The problem:
For this exercise, retype the lines from the one that holds "HARTTE OK-P4 lange" through the one that holds "New 2025 Chevrolet" in the records below, both included, exactly and without pictures.

(Beginning of Exercise materials)

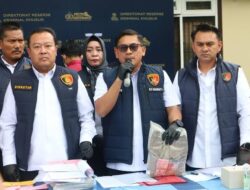 Manajer dan Supervisor SPBU Jadi Tersangka Terkait Dugaan Manipulasi Takaran BBM di Sergai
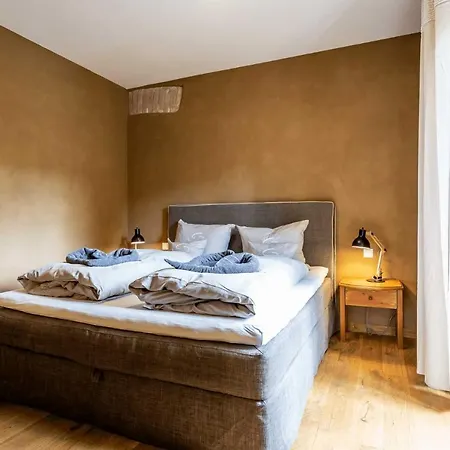 Seinz Wisdom - Bio-hotel Vegan-vegetarisch 4*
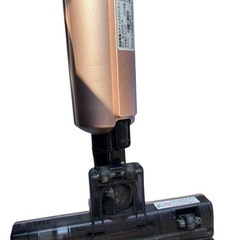 アイリスオーヤマ 極細軽量スティッククリーナー KIC-SLDCP5-Pの画像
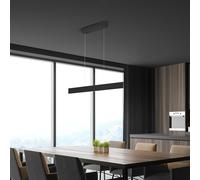 Knapstein Fara lampada a sospensione, LED, 51.507.07, Fara; Fara-92 [Lampade per Interni > Lampade a Sospensione]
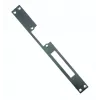 HARTTE OK-P4 lange platte strip voor elektrische deuropeners, 3 mm, open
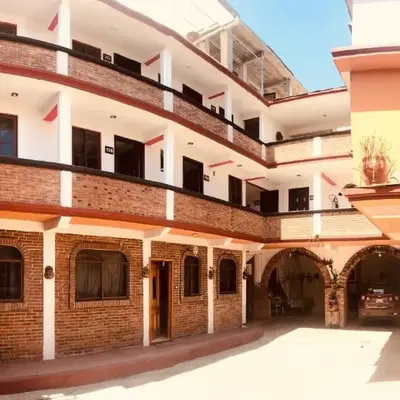 HOTEL LA GRAN MANZANA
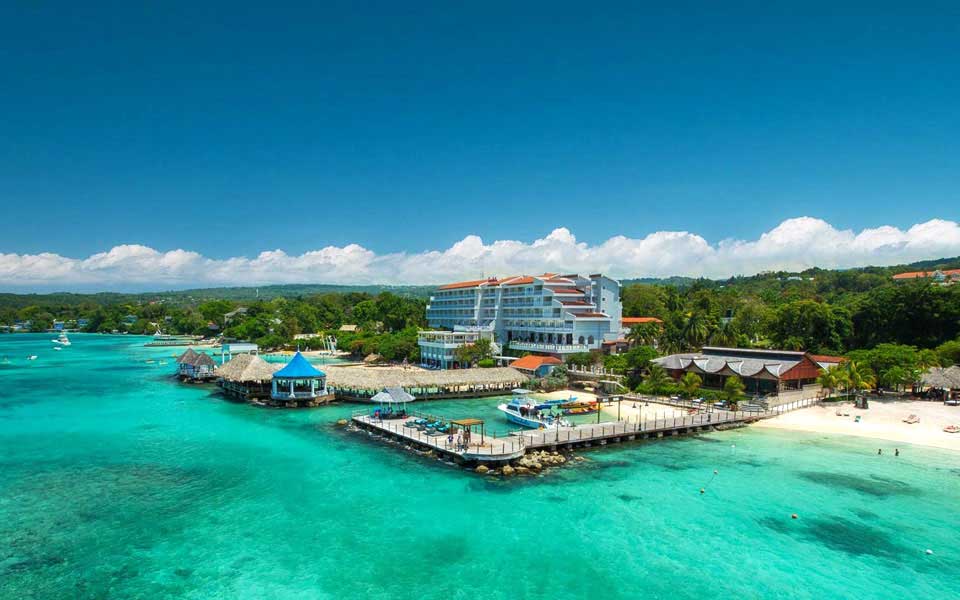  Sandals Ochi - Ocho Rios, Jamaica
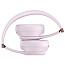 Беспроводные наушники Beats Solo 4 Wireless Cloud Pink (Розовый) (MUW33) - фото 14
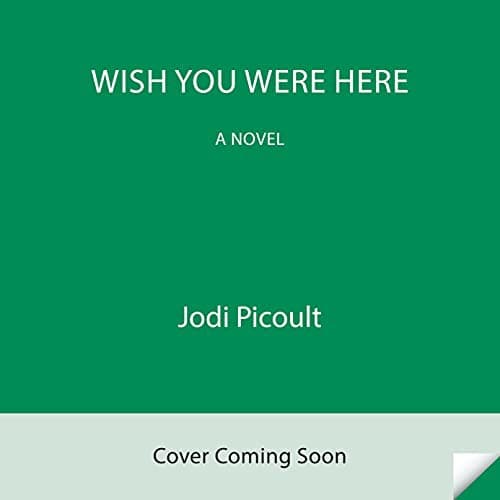 Wish You Were Here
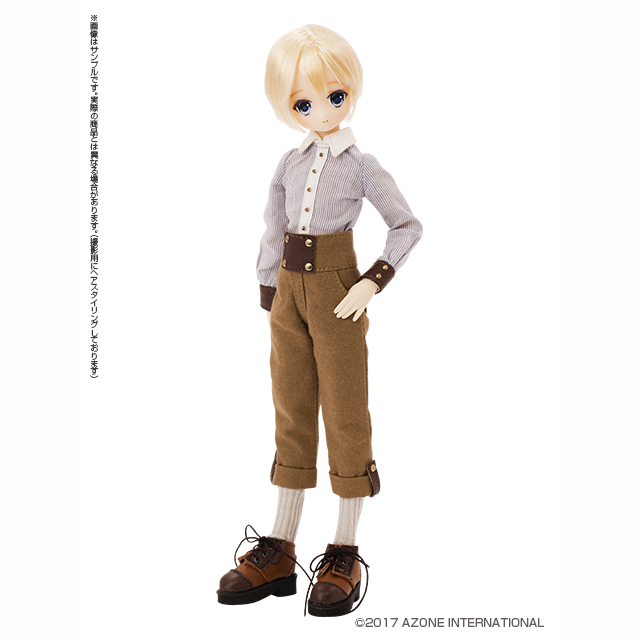 AZONE INTERNATIONAL::Alvastaria::商品紹介-商品詳細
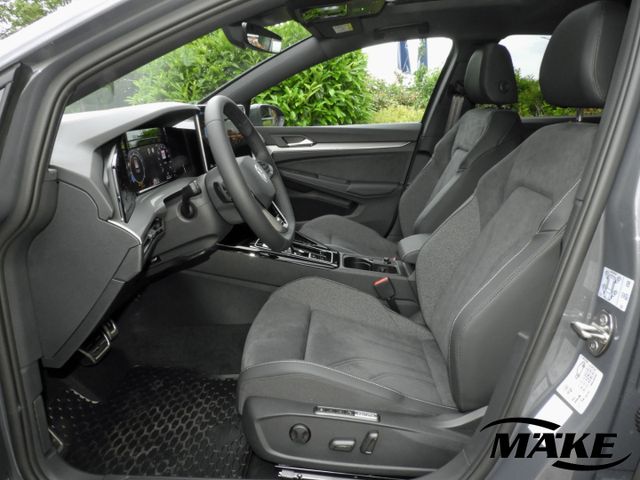 Golf Edition 50 1.5 eTSI DSG HUD AHZV DCC RFK PD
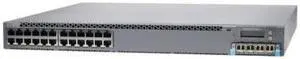 Juniper Networks - EX4300-24T - Juniper EX4300-24T Layer 3 Switch - 24 Ports - Manageable - 3 Layer Supported - 1U High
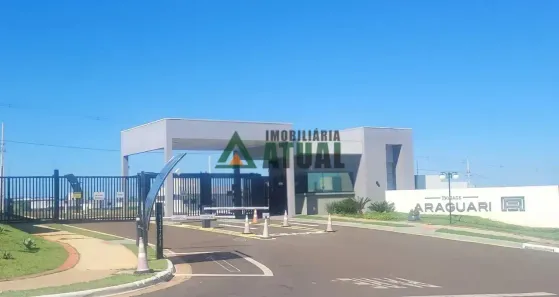 Lote/Terreno à venda, 256m² no Gleba Simon Frazer, Londrina
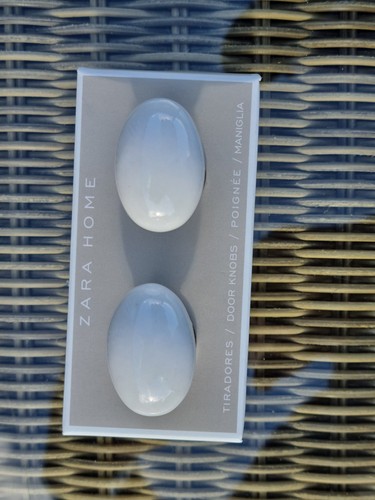 White ceramic chrome - 2,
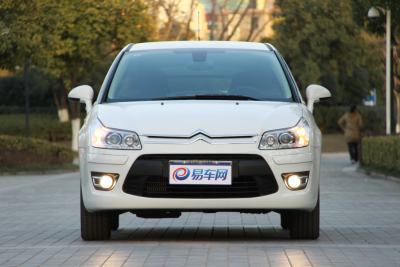 2009款 1.6T VTS-外观-图片-有驾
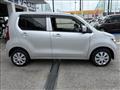 2015 Suzuki Wagon R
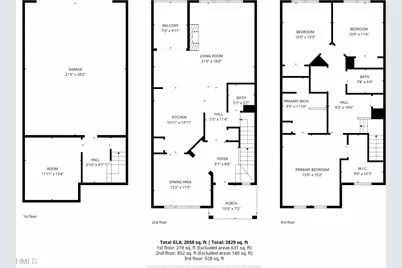 4410 Cherry Blossom Circle, Durham, NC 27713 - Photo 25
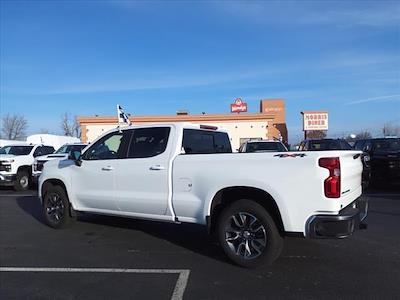 New 2025 Chevrolet Silverado 1500 LT Crew Cab 4x4 Pickup for sale #C4159 - photo 2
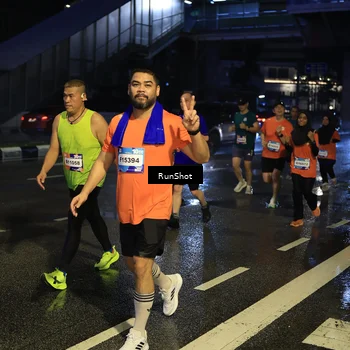 Runner Photo 7887620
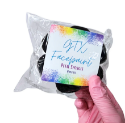 Picture of GTX Black Petal Sponges (High Density) - 6 Pack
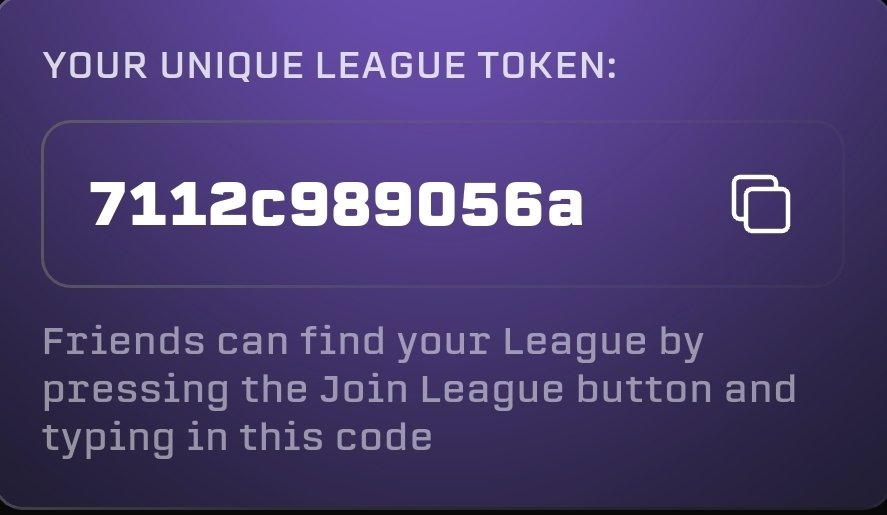 FPLBlindside's tweet image. My One Day Cup league is now open for anyone to join - thecricketdraft.com 
@thecricketdraft

Good luck to everyone 👍🏏

#TCD #FantasyCricket

Sign up details below...

7112c989056a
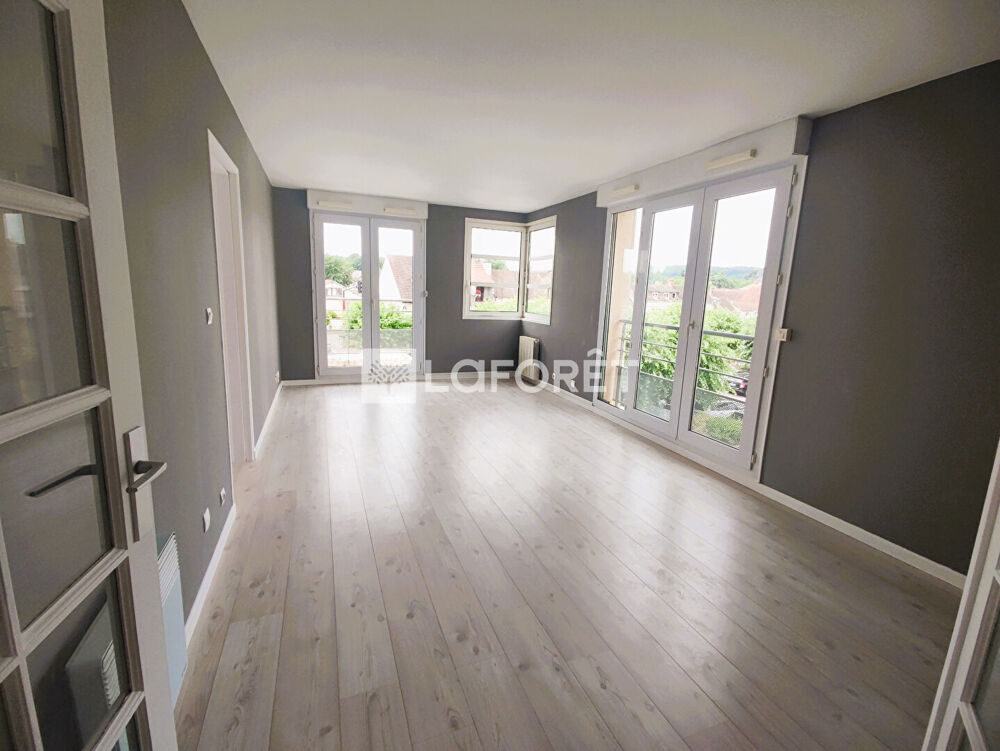 Appartement 3 pièces 65 m² · à Rosny sur Seine · 65 m² · 159 000 €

(End of Exercise materials)

Finished exercise:
 HARTTE OK-P4 lange platte strip voor elektrische deuropeners, 3 mm, open
 HOTEL LA GRAN MANZANA
  Sandals Ochi - Ocho Rios, Jamaica
 Беспроводные наушники Beats Solo 4 Wireless Cloud Pink (Розовый) (MUW33) - фото 14
 Wish You Were Here
 AZONE INTERNATIONAL::Alvastaria::商品紹介-商品詳細
 Golf Edition 50 1.5 eTSI DSG HUD AHZV DCC RFK PD
 Juniper Networks - EX4300-24T - Juniper EX4300-24T Layer 3 Switch - 24 Ports - Manageable - 3 Layer Supported - 1U High
 Lote/Terreno à venda, 256m² no Gleba Simon Frazer, Londrina
 White ceramic chrome - 2,
 2009款 1.6T VTS-外观-图片-有驾
 2015 Suzuki Wagon R
 4410 Cherry Blossom Circle, Durham, NC 27713 - Photo 25
 New 2025 Chevrolet Silverado 1500 LT Crew Cab 4x4 Pickup for sale #C4159 - photo 2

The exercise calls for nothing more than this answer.